Hillary Rodham Clinton's e-mails give insight into the former secretary of state's office. But the first batch of messages released did not appear to support accusations made against the presidential hopeful.

https://p.dw.com/p/1FVIh
Hillary Clinton mit Handy
Image: Reuters/K. Lamarque

E-mails show that Clinton's aides had fretted over how the media and members of the Republican Party would portray her after a 2012 attack in Benghazi that killed the US ambassador to Libya and three other Americans. In March, it emerged that Clinton used a private account as secretary of state from 2009 to 2013, though the 2016 Democratic frontrunner said the server had "numerous safeguards."

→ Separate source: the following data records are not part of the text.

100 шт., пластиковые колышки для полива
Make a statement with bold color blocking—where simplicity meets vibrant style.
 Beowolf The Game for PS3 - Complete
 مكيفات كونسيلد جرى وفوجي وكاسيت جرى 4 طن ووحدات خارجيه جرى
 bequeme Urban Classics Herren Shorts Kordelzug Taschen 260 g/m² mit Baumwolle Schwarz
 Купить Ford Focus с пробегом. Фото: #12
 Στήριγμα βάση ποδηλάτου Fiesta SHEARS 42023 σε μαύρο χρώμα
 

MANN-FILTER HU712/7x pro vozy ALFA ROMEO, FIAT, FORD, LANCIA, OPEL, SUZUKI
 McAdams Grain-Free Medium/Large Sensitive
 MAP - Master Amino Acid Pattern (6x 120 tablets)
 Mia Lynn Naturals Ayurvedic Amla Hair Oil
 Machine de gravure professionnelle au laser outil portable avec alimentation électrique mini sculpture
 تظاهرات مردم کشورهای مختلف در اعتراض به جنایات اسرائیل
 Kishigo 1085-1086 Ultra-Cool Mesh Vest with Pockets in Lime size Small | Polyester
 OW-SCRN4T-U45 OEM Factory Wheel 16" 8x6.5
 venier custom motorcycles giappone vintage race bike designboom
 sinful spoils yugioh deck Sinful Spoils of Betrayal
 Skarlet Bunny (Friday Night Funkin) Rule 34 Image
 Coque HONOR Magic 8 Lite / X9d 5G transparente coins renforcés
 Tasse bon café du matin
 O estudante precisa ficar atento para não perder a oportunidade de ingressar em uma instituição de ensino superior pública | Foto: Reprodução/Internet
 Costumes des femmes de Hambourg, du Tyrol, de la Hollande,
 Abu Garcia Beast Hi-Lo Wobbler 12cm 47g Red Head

The State Department released 296 e-mails totaling 900 pages and covering January 2011 to December 2012 on Friday The e-mails deal with Libya and the September 11, 2012, attacks on a US diplomatic compound and CIA base in Benghazi.

The official description of the attackers' motivation has become important as Republicans have attempted to make political hay following the assault. The messages didn't appear to support nearly three years of accusations that the former senator and first lady had downplayed terrorism - nor indicate that Clinton's decisions resulted in weak security, as Republicans have alleged.

"I'll be nursing my cracked head and cheering you on as you 'remain calm and carry on,'" she wrote Deputy Secretary of State Tom Nides, who attended the hearings after she fell in 2012. "What doesn't kill you, makes you stronger (as I have rationalized for years) so just survive and you'll have triumphed."

Thousands to come

When the attack occurred, US President Barack Obama was battling Mitt Romney for re-election. His administration initially called the assaults a protest against an anti-Islam film posted on the Internet.

Republicans quickly criticized Susan Rice, the US ambassador to the United Nations at the time, for repeating the claim on Sunday TV political talk shows after new intelligence indicated that terror groups had plotted the attacks. Various congressional probes into Benghazi launched by Republican have produced little damaging evidence to administration officials.

A judge ordered the State Department to release e-mails in batches rather than all next year, as the agency had initially proposed. The other approximately 44,700 emails will be released over the next several months. Clinton or her aides have deleted another 30,000 e-mails termed as personal from the same private account, causing Republicans in Congress to accuse her of picking and choosing what she wants to make public.